China tightens its grip on Hong Kong

Delegates at China's National People’s Congress have wrapped up the annual event with electoral reform in Hong Kong a key focus. They voted to ensure that candidates for public office in the territory must be regarded as "patriots."

The move was supported with 2,895 votes in favor, none against and one abstention. It puts further pressure on democracy activists and is set to ensure that Hong Kong’s leaders are all backed by the Chinese Communist Party.

The new system will apply to the selection process. A panel will screen candidates for Hong Kong’s election committee, the chief executive, and Legislative Council. Further details are to be announced at a later date.

Hong Kong
Forty-seven pro-democracy activists in Hong Kong are facing charges of conspiracy to commit subversion in violation of the national security law.

Professor Kurata Toru, a Hong Kong politics expert at Tokyo’s Rikkyo University, says Beijing wants to ensure Hong Kong’s legislature backs its administration. "China implemented the national security law for Hong Kong last June, aiming to suppress demonstrations. Now, President Xi Jinping is taking a further step to increase the pressure on the pro-democracy movement," he says. “The latest move is aimed at systematically reducing the possibility of anyone from the pro-democracy camp winning in future elections, as well as suppressing the will of the people.”

Pro-democracy lawmakers in the Legislative Council have been strongly opposed to bills and policies that the Hong Kong government has tried to introduce. In some cases, they have forced proposals to be scrapped or withdrawn, with public opinion also playing a role.

Kurata says that kind of opposition is finished under the new system. “It is a very serious problem for the pro-democracy camp,” he notes. “Their decades-long struggle to democratize the territory is effectively over and now, Hong Kong is more like China.”

International concerns are reflected in British Foreign Secretary Dominic Rabb’s comments that the reforms “hollow out the space for democratic debate” in Hong Kong. A United States State Department spokesperson described the move as "a direct attack on Hong Kong's autonomy, its freedoms and democratic processes."

China-US relations

The seven-day congress also addressed foreign relations. Premier Li Keqiang has sent signals that Beijing wants to ease tensions with the US. He told a press conference last week that China hopes for dialogue.

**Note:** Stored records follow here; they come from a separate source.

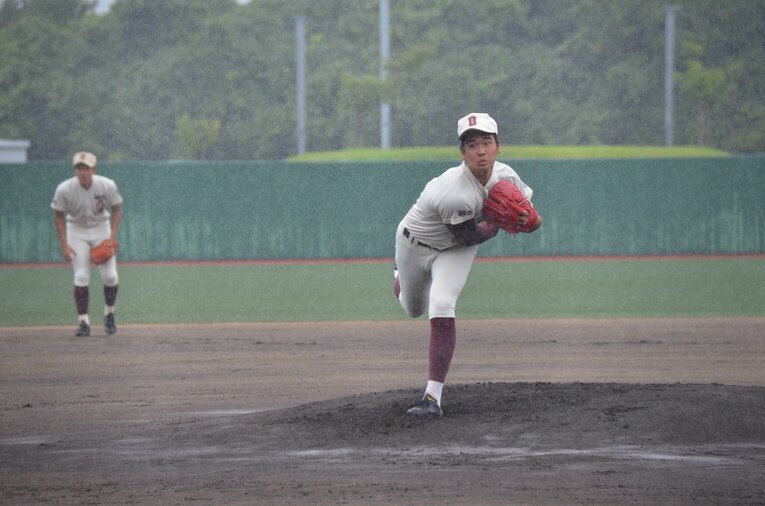 雨の中でも力投する山下舜平大　©︎Yasuko Maeda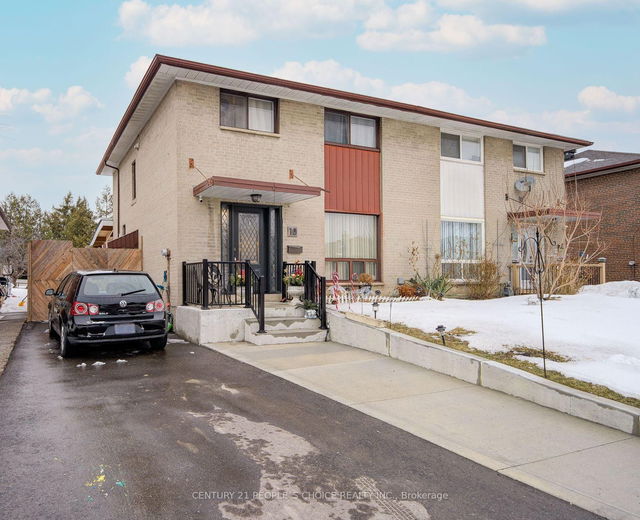 10 Lakeland Drive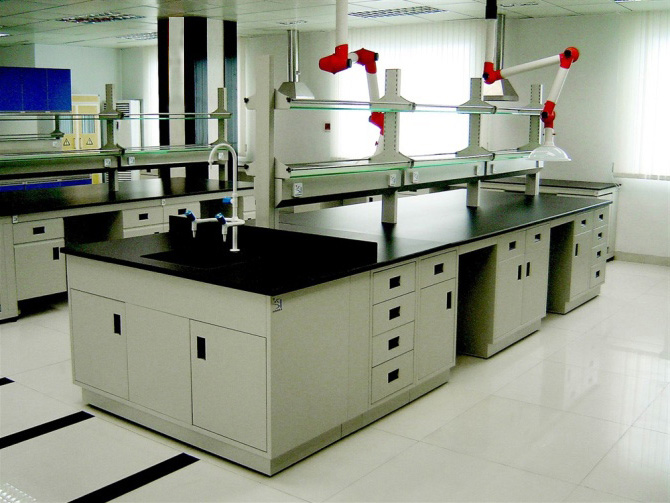 中央臺 全鋼中央臺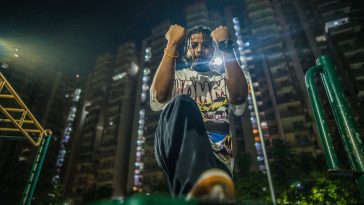Premiere: Archiesman Kundu Flexes His Roots in ‘Jacket’ Video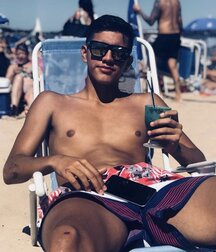 shirtless best boys of July 2020 5efdc1e57e10d.jpg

On the final day of the congress, Beijing and Washington announced what could be the first step of that process. US Secretary of State Antony Blinken will meet with senior Chinese officials in Alaska on March 18 – the first face-to-face diplomacy since President Joe Biden's inauguration

US & China
From the left: US Secretary of State Antony Blinken, US National Security Advisor Jake Sullivan, China's top diplomat Yang Jiechi, and Chinese Foreign Minister Wang Yi.

Blinken says he plans to raise concerns about human rights and security in frank terms. For their part, China's leaders made a show of their determination to safeguard sovereignty and national interests at the congress. There was lot of finger-pointing at US interference.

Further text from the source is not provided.